# Cree trying out HIS mill WITH the harness lol a few of Pig too



## Indigo Bully Connection (Dec 21, 2006)

He gets jealous when the girls get on his mill... this is his first try out with the belt & harness, and he's really digging it! Please look past dougs long nappy head.

not so sure about this harness thing yet


















Okay dad, I guess I can try this out for that peice of cheese... I know we're going to phase out the cheeze in a few days.


































































Here's piggy pig


----------



## Roxy_Nie (Oct 10, 2008)

OMG......I think Mr. Cree needs to come and live with auntie Whitney.


----------



## Indigo Bully Connection (Dec 21, 2006)

bahaha Cree and thor probably move at the same speed!

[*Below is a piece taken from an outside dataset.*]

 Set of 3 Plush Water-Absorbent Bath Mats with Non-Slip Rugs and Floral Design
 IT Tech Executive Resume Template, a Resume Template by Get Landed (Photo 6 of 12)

Auntie Whitney you can baby sit anytime!


----------



## Roxy_Nie (Oct 10, 2008)

You have to many doggies. I shall take him...LMAO

Hey or pig. You know I like me some hard headed girls...LMAO


----------



## tablerock (Oct 15, 2009)

those pictures are great...where did you get your mill at?


----------



## Indigo Bully Connection (Dec 21, 2006)

tablerock said:


> those pictures are great...where did you get your mill at?

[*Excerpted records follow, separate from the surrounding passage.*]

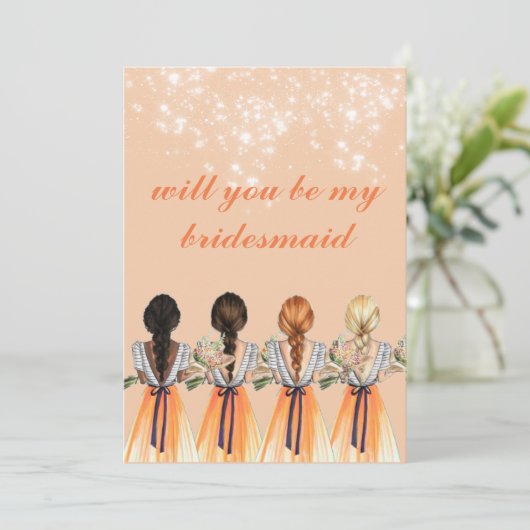 schattig sinaasappel, ben je mijn bruidsmeisje uit kaart (Staand voorkant)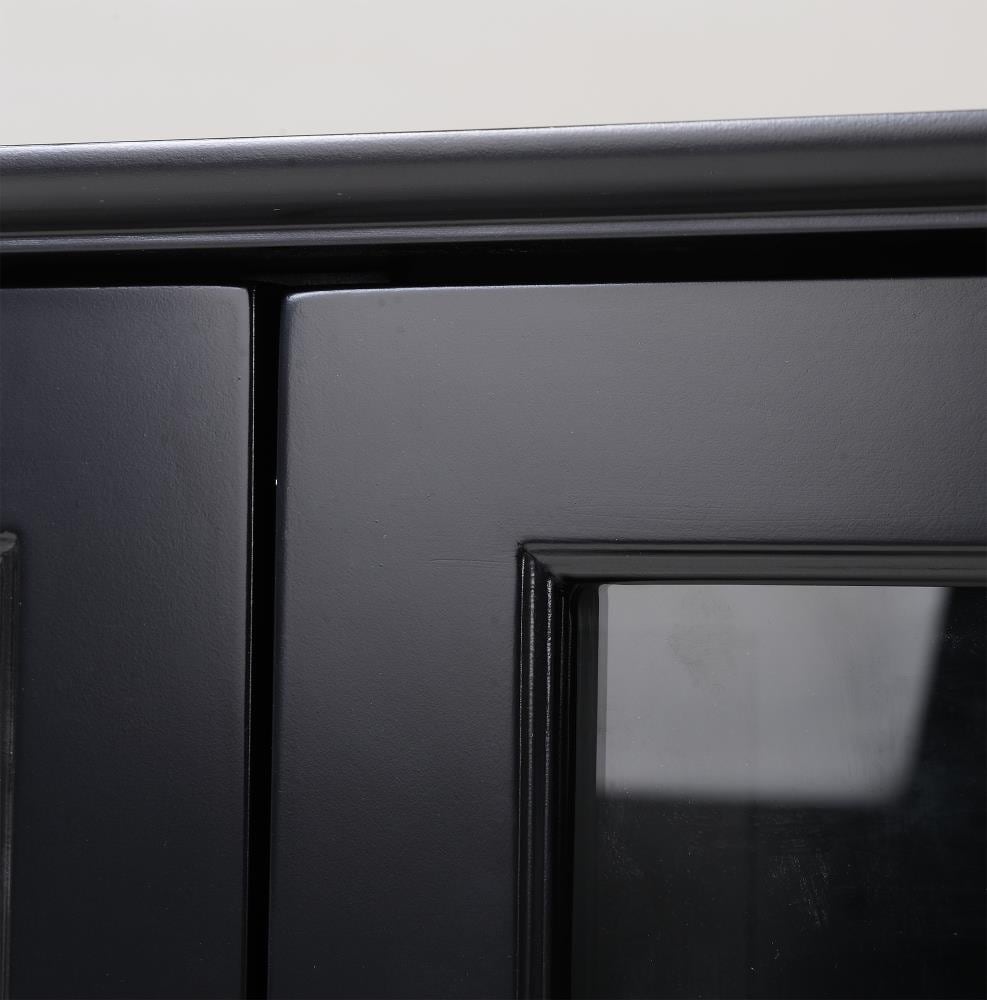 OSHOME Os Home and Office Model 22601 Black Glass Door Curio Cabinet - Transitional Style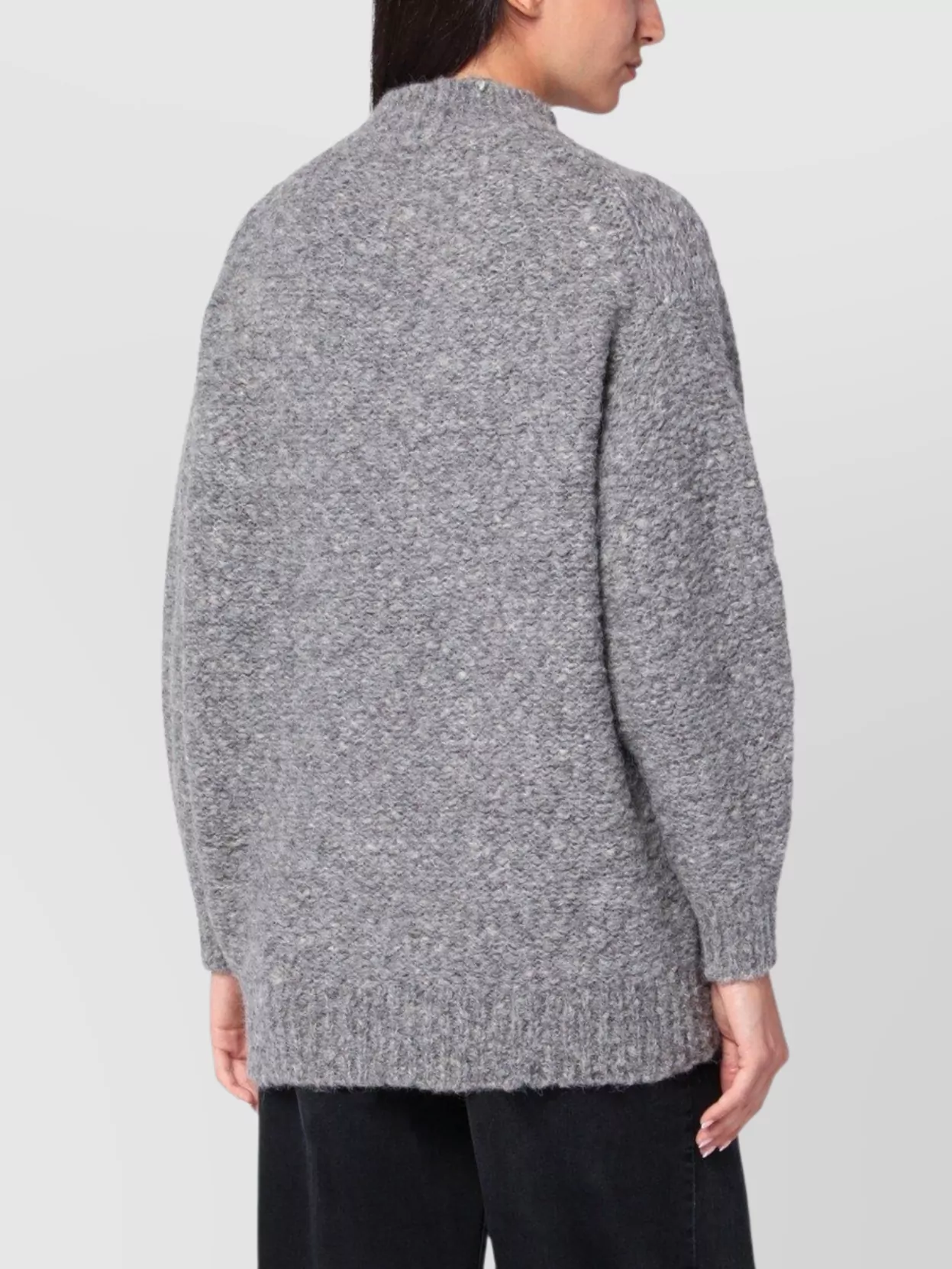 Isabel Marant Alpaca Blend Sweater Asymmetric Hem In Gray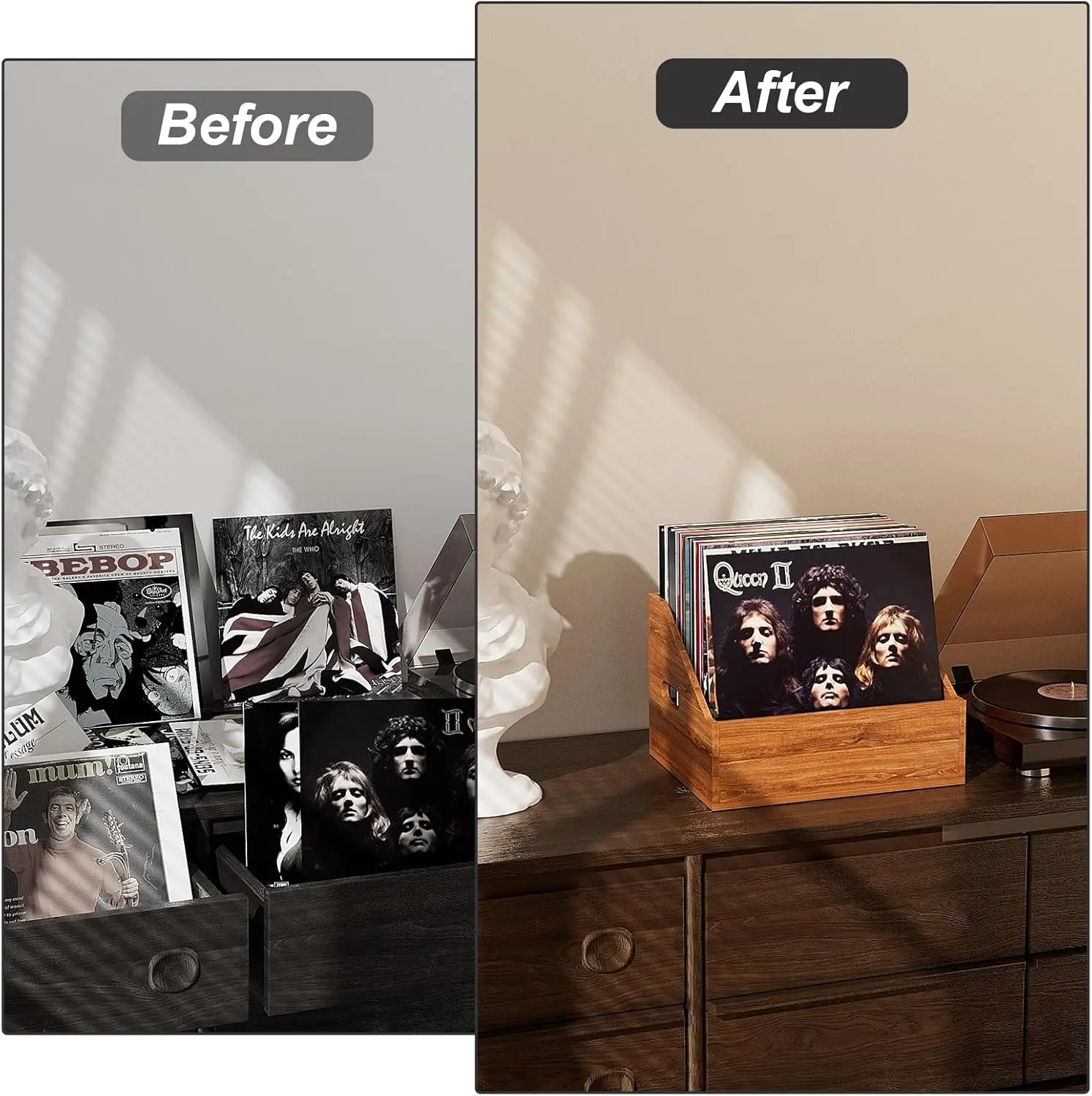 Retro Wood Vinyl Record Storage Crate Album Case Box for 80+ Record Collection Display Case - Image 3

thanks so much. I got the mill second hand from a buddy of mine who had to get rid of his dogs because of falling onto hard times financially... can't beat a grand carpet mill for 80 bucks!!!


----------



## chic4pits (Aug 25, 2008)

they are getting so big! what are you feeding those babies! lol! they are turning into some handsome young men tho...they are gonna be head turners. =)


----------



## wvmom09 (Nov 2, 2009)

awwwww! so cute!


----------



## Roxy_Nie (Oct 10, 2008)

Doug needs to shave his legs. I'm gonna need for you to get that taken care of...LMAO


----------



## DueceAddicTed (Sep 28, 2009)

Roxy_Nie said:


> Doug needs to shave his legs. I'm gonna need for you to get that taken care of...LMAO


:rofl: ya made me spit my coffee all over my pc at work ... shhh I'm not even suppose to be on tho ...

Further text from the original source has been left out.